§ Required action
Only the lines from the first line of the data through the line containing "Modules connected to" belong in the answer, transcribed exactly; pictures do not.

§ Collected data

[Start of section]

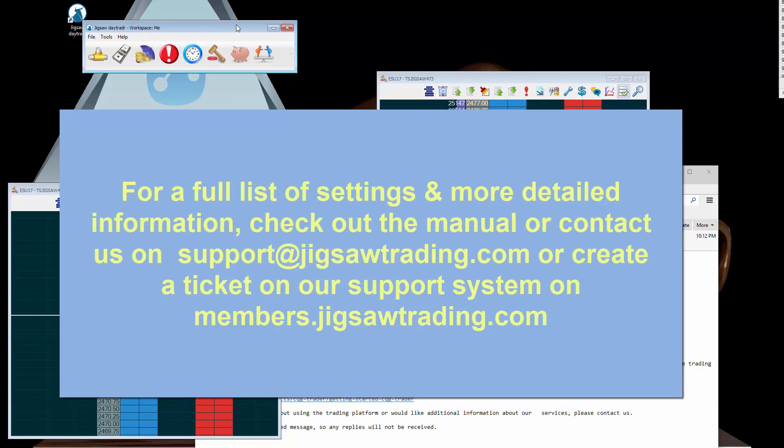So that's the basics of getting started using Jigsaw DayTrader. If you have any questions, please contact us either on the support email or by opening a ticket on the member system. Thank you.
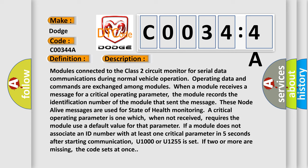Modules connected to the Class 2 circuit monitor for serial data communications during normal vehicle operation. Operating data and commands are exchanged among modules. When a module receives a message for a critical operating parameter, the module records the identification number of the module that sent the message. These node-alive messages are used for state-of-health monitoring. A critical operating parameter is one which, when not received, requires the module use a default value for that parameter. If a module does not associate an ID number with at least one critical parameter in five seconds after starting communication, U1000 or U1255 is set. If two or more are missing, the code sets at once.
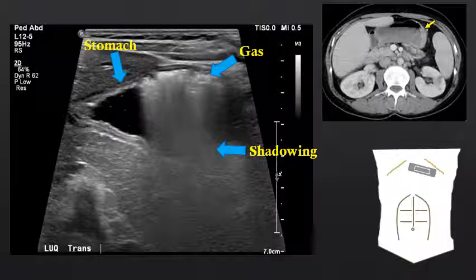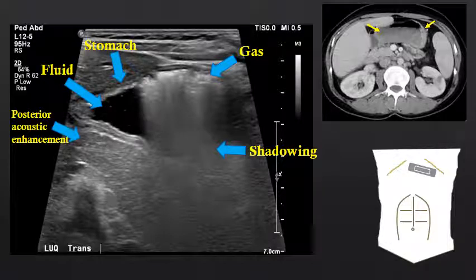Some people call the shadowing deep to gas dirty shadowing, but it is shadowing nonetheless as it is artifactual in its echogenicity and the structures deep to it are obscured. In the antrum of this person's stomach we can see fluid. The fluid-filled portion of the stomach does not result in shadowing; instead it results in posterior acoustic enhancement. The sound waves can pass through the fluid relatively unimpeded, and therefore higher amplitude sound waves hit those soft tissues deep to fluid-filled structures, resulting in those structures appearing hyperechoic.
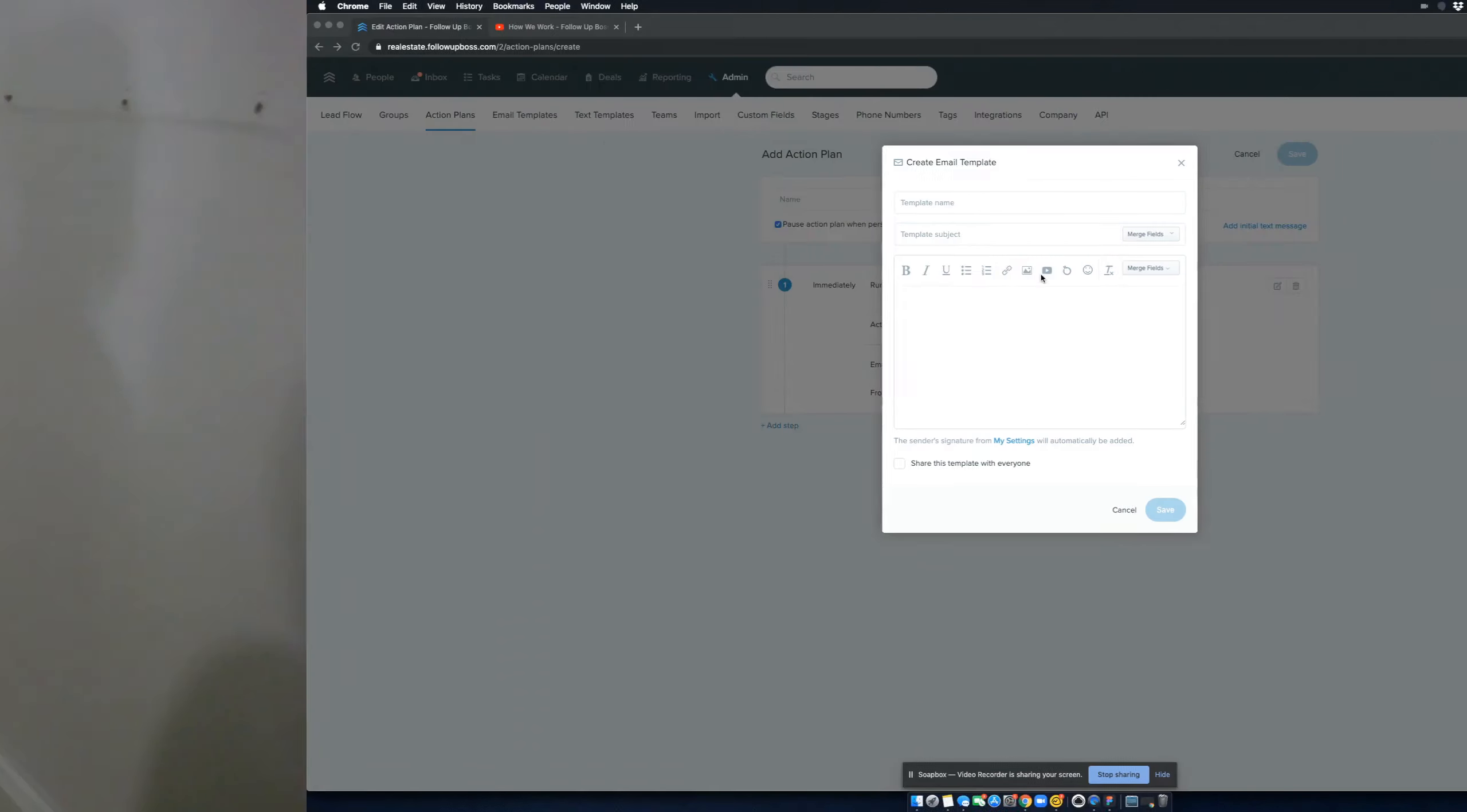And so what Tristan has suggested to Alvin, because his CRM didn't actually have ringless voicemails similar to Follow-up Boss, is he suggested he incorporate video into his follow-up campaigns. And so I just wanted to quickly show you exactly how you would do that inside of Follow-up Boss. We've got a couple of cool tools to make that really easy.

[End of section]

§ Solution to this exercise
So that's the basics of getting started using Jigsaw DayTrader. If you have any questions, please contact us either on the support email or by opening a ticket on the member system. Thank you.
Modules connected to the Class 2 circuit monitor for serial data communications during normal vehicle operation. Operating data and commands are exchanged among modules. When a module receives a message for a critical operating parameter, the module records the identification number of the module that sent the message. These node-alive messages are used for state-of-health monitoring. A critical operating parameter is one which, when not received, requires the module use a default value for that parameter. If a module does not associate an ID number with at least one critical parameter in five seconds after starting communication, U1000 or U1255 is set. If two or more are missing, the code sets at once.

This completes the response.